Friday, April 20, 2012

Announcing Paul Shakespear: Corrientes at Howard Yezerski Gallery

Paul Shakespear: Corrientes opens tonight! Check out the press release below.

Press Release:

Howard Yezerski Gallery is pleased to present new work by Paul Shakespear. The paintings are a powerful compression of emotion, memory, and visual delight. The title of the show, Corrientes, references the slow change of shifting trends, a half-lit address in Buenos Aires out of a song, the watery depth of ocean currents. 
Paul Shakespear, Cove, 2011, acrylic on canvas, 26" x 60 1/4", Photo: Will Howcroft
 The paintings are slow - they demand contemplation. Upwards of thirty glazes of acrylic are brushed, troweled, and rubbed on. The hours that Shakespear puts into the work are compressed into those layers and layers of thin glazes, their distinct features emerging slowly as you let them. 
Paul Shakespear, Seville, 2011, acrylic on canvas, 12" x 65", Photo: Will Howcroft
 Shakespear is hesitant to reference influences from life - the paintings are evocations of something deeper than changes on the surface.
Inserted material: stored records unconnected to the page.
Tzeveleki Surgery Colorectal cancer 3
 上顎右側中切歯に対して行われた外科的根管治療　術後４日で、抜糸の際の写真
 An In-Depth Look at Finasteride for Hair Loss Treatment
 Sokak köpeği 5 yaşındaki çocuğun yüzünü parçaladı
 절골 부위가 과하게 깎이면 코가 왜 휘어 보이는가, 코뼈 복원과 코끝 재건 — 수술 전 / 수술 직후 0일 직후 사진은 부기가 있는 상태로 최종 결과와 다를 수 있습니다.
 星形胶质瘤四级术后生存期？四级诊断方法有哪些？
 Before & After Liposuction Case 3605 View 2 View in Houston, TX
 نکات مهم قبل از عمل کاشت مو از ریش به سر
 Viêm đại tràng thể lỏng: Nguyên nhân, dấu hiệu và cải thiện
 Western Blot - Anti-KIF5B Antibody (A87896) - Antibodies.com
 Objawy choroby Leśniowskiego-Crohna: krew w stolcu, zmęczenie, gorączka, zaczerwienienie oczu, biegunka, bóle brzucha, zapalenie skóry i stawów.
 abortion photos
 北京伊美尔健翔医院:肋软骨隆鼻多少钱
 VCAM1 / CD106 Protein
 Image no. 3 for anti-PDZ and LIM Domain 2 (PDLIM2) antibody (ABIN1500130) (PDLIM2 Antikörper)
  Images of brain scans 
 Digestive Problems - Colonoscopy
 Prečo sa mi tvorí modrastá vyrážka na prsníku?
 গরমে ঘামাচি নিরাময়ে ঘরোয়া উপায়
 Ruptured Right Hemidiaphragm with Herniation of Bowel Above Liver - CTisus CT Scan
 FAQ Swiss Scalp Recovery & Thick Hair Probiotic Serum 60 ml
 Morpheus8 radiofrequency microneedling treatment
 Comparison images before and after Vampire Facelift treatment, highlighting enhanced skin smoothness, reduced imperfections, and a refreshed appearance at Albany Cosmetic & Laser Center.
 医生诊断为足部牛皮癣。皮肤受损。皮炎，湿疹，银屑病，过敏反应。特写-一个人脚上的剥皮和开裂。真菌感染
Not unlike deep sea currents, unseeable and untouchable, but essential to the planet as inner thoughts are to our being. Also like the sea, the surfaces are alluring, a glossy window onto the world within. The gloss is a byproduct of the process, of the subtlety of the layers built up. With each layer the colors are richer and richer - building a visual conversation underneath the sheen. Be careful of this gloss - look too fast and you'll miss the space within it. 
Paul Shakespear, Pitfall, 2011, acrylic on canvas, 66" x 36", Photo: Will Howcroft
The paintings are objects that don't sit exactly on the wall - they swell with light and float off in one direction or another. Multiple panels build off of one another - tension fills the space between them. Colors within hum with tension and resonance. The result is otherworldly in the sense that they are solid but made up of the intangible, the ghostly, the not quite knowable; Shakespear looks to capture the stuff of that ethereal realm that lives beside us and within us.